Читаем без скачивания Украина и Речь Посполитая в первой половине XVII в. - Дмитрий Безьев
Шрифт:
Интервал:
Закладка:
Здесь стоит заметить, что данная демаркация границы происходила в период безкоролевья в Речи Посполитой (Владислав Четвертый скончался 20-го мая 1648-го года). Новый король Ян Казимир был избран 20-го ноября (даты приведены по новому стилю). Тем не менее, российские власти не стали откладывать проведение этих работ. Скорее всего, они считали размежевание границы очень важным элементом поддержания стабильности в отношениях между двумя странами и не думали нарушать «вечного докончания», во всяком случае, из-за малопонятного, а, вероятно, даже и опасного для стабильности в России выступления Б. Хмельницкого. Еще раз напомним, что в 1648-ом году по российским городам, включая Москву, прокатилась волна антиправительственных выступлений, и российские власти чувствовали себя весьма не уверенно (срочно составляли Соборное Уложение для привлечения на свою сторону дворянства и посадских).
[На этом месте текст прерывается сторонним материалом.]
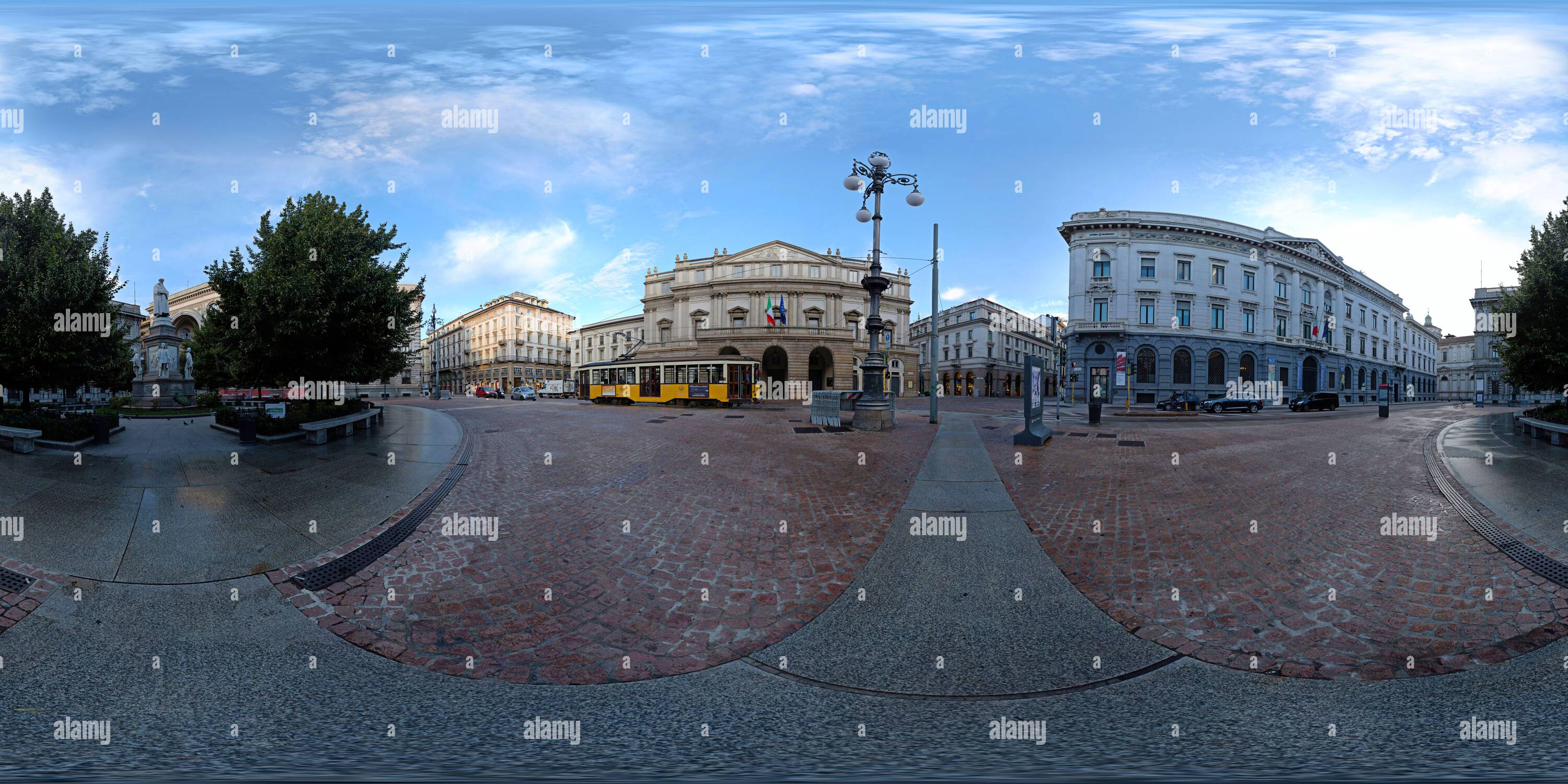 Visualizzazione panoramica a 360 gradi di 360° Panorama - Teatro alla Scala, a Yellow tram Turistico, Palazzo Brentani Greppi e gallerie d'Italia, Milano, Italia.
На позицию российского правительства по отношению к событиям в Речи Посполитой в 1648–1654 гг. оказывало влияние и отсутствие у России союзников, государств, которые бы могли поддержать Россию, если она, воспользовавшись предоставляемой выступлением Б. Хмельницкого возможностью, ввязалась бы в войну с Речью Посполитой за овладение Малороссией. Более того, отношения России со Швецией и Турцией (наиболее могущественными соседями как России, так и Речи Посполитой) оставляли желать много лучшего. Одним словом, если бы началась война, Московское государство осталось бы с Речью Посполитой один на один. Россия же, ослабленная внутренними неурядицами, восстаниями 1648 г., была не готова к такой масштабной войне. В. А. Голобуцкий в своей работе констатирует: «Попытки русского правительства заручиться поддержкой европейских держав в борьбе против Польши не увенчались успехом. Россия оказалась вынужденной самостоятельно решать все эти сложные и трудные внешнеполитические задачи»[320]. Начать дипломатическую подготовку войны с Речью Посполитой Россия смогла только незадолго перед началом самих военных действий. Но эта подготовка выходит за хронологические рамки нашего исследования, так как «первые шаги в рамках намеченной программы действий на международной арене Посольский приказ осуществил в последней трети 1653-го года, до полного завершения подготовки к войне. Предпринятая русской дипломатией акция охватила ряд ведущих держав континента, в которые послали специальные комиссии»[321].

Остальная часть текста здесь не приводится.